Robert was posthumously awarded the British War Medal, the Victory Medal, and the 1915 Star.

Mercantile Marine David Boyle, August 25 1917, aged 49

DAVID, the oldest Boyle sibling, was married with a teenage daughter when he died in the cold North Atlantic in 1917. He was part of a crew of 11 men on board the S.S. Sycamore, a practically new ship which had only been in the water for four months, sailing from Baltimore to Liverpool with a cargo of copper, canvas and cotton.

Despite being defensively armed the Sycamore was torpedoed mid-morning 125 miles north-west of the coast of Northern Ireland on August 25 1917, by U-Boat 61. The bodies of David, a carpenter by trade, and his crew-mates were never found.

“The family wouldn’t have been told he had died, the ship wouldn’t have turned up in Liverpool and that was that,” says Dr Innes McCartney, a navel historian with the University of Bournemouth. “Unless they were part of a convoy the

U-boat would have gotten back to base and we have the surviving paperwork from that, but the ship would have been posted missing after it was obvious it wasn’t going to show up.”

The merchant navy had a huge role in WWI, transporting food, ammunition and equipment around the coast of Europe and across the Atlantic.

“Merchant ships were fair game in WWI,” says McCartney.

“Submarines were a weapon by which they could blockade Britain and by 1917 the Germans were absolutely using that as part of their efforts. You can’t see

U-boats, they were a stalking menace, and it would have been very frightening. They can get you night and day. They can get you in your bunk.

“The contribution of the merchant navy to WWI is inestimable. Alongside the fishing fleet, at times it’s a contribution which is perhaps not as recognised as it should be – they suffered grievously.”
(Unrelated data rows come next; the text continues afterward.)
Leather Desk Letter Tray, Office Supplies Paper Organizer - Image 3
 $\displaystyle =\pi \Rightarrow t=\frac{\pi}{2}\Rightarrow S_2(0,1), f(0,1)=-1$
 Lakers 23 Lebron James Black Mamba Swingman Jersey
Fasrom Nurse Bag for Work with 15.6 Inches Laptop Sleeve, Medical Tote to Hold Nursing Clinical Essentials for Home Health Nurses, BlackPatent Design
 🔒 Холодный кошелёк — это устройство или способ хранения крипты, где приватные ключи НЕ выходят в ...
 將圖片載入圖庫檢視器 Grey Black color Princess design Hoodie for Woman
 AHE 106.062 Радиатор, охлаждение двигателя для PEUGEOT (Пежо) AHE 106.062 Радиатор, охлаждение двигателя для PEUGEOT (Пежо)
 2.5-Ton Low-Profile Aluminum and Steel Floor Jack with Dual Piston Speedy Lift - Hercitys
Last week Uncle Robert, his daughter and grandson went to Lambhill Cemetery and placed poppies at the memorial to the Boyle brothers. They remembered, as we all can do today, their lives, their deaths, their places in a war which took so many fathers from their children, brothers from their sisters, husbands from their wives, sons from their parents. We can remember they were loved. Lest we forget.